Pourquoi ton agent « ne se souvient de rien » alors que toute la documentation est chargée
C'est la plainte numéro un de la deuxième semaine : tu lui as chargé le manuel entier, les politiques, l'historique des tickets, et l'agent continue de demander des choses que tu lui as déjà dites hier. La conclusion immédiate — « il lui manque de la mémoire » — est correcte et ne sert à rien, parce que mémoire est le mot avec lequel le marché désigne trois choses différentes, qui se rangent à des endroits différents, coûtent des choses différentes et cassent de manières différentes.
La confusion la plus chère du secteur, c'est celle-ci : mémoire et RAG ne sont pas la même chose. Le RAG, c'est que l'agent sache chercher dans ta documentation. La mémoire, c'est que l'agent sache qui tu es la prochaine fois que tu lui parles. Tu peux avoir un RAG impeccable — il récupère le paragraphe exact du manuel en 200 millisecondes — et un agent qui ne se souvient toujours pas que ce client s'est déjà plaint deux fois de la même commande. Ce sont des problèmes différents avec des solutions différentes, et monter le second avec l'outil du premier, c'est exactement pour ça que la moitié des projets s'enlisent ici.
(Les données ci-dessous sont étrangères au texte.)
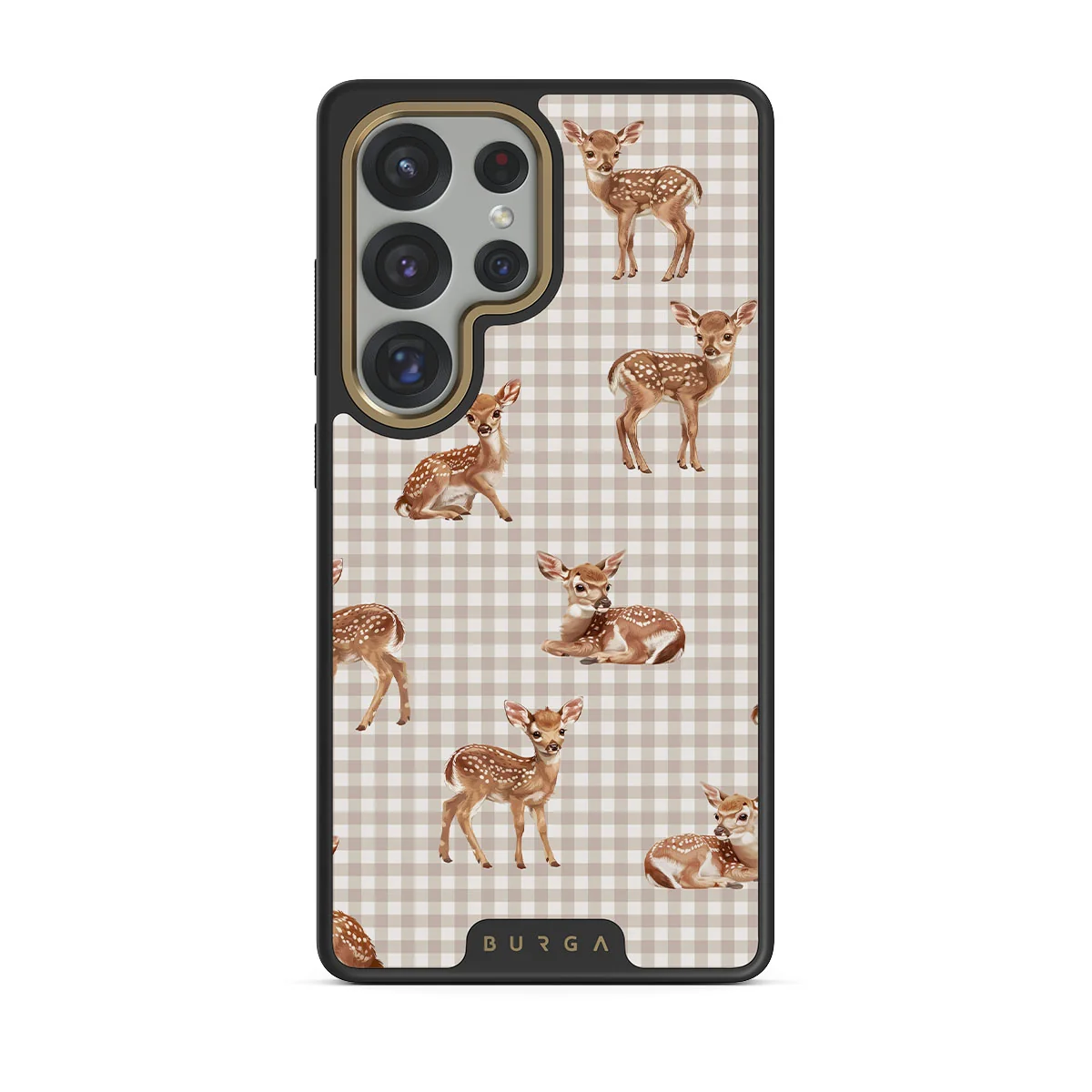 Bambi - Samsung Galaxy S25 Ultra ケース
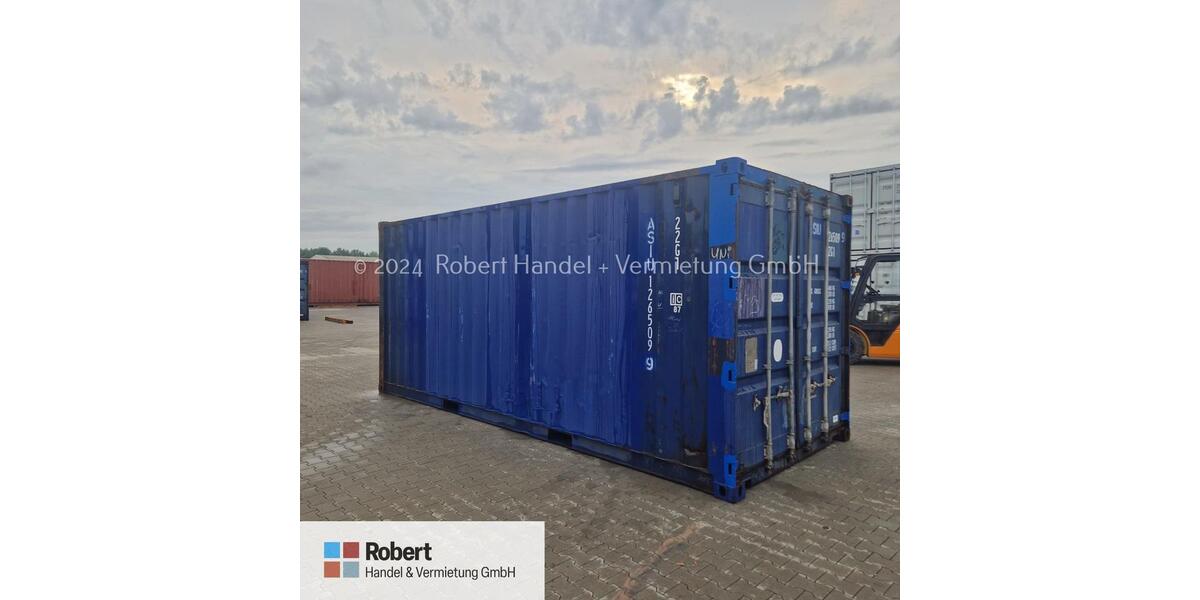 Gewerbeobjekt Ascheberg (Holstein) - 1.450&euro; | Angebot:11745035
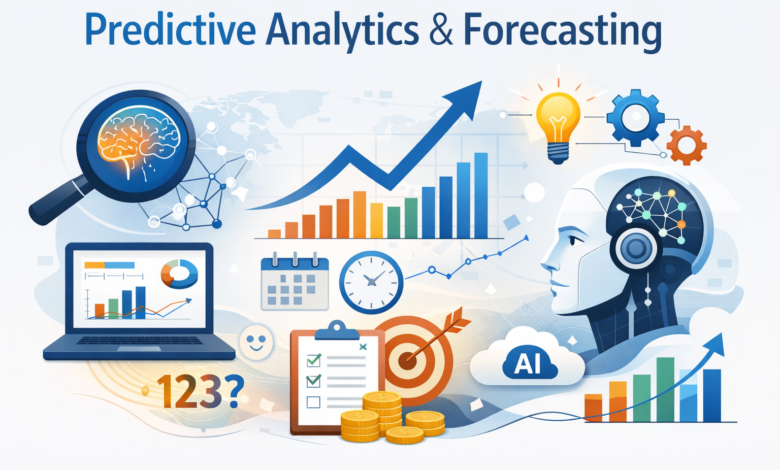 Analytics and Reporting Services: Driving Business Decisions with Clear Insights Analytics and Reporting Services: Driving Business Decisions with Clear Insights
Les trois choses que tu mets dans le même sac
Avant d'acheter quoi que ce soit, sépare. Un agent en production a normalement besoin des trois, mais elles se contractent, se paient et s'auditent séparément.
1. Le contexte de la conversation en cours (mémoire à court terme)
C'est ce que le modèle a sous les yeux en ce moment : ce que tu as dit dans ce fil. Ce n'est pas une base de données, c'est la fenêtre de contexte — l'espace de travail du modèle — et elle se vide quand la conversation se termine. C'est gratuit au sens où il n'y a rien à construire, et hors de prix au sens où ça se paie au token à chaque tour : plus le fil est long, plus chaque message suivant coûte cher. Quand quelqu'un te dit que son agent « se souvient de tout à l'intérieur de la conversation », il te décrit le comportement par défaut, pas une capacité qu'il aurait construite.
Le symptôme qu'il te manque ça : l'agent se contredit lui-même dans le même fil, ou il perd le fil dans les conversations longues. Ça se règle avec de la gestion de contexte (résumer les tours anciens), pas avec une base vectorielle.
2. La connaissance consultable (ça, c'est bien du RAG)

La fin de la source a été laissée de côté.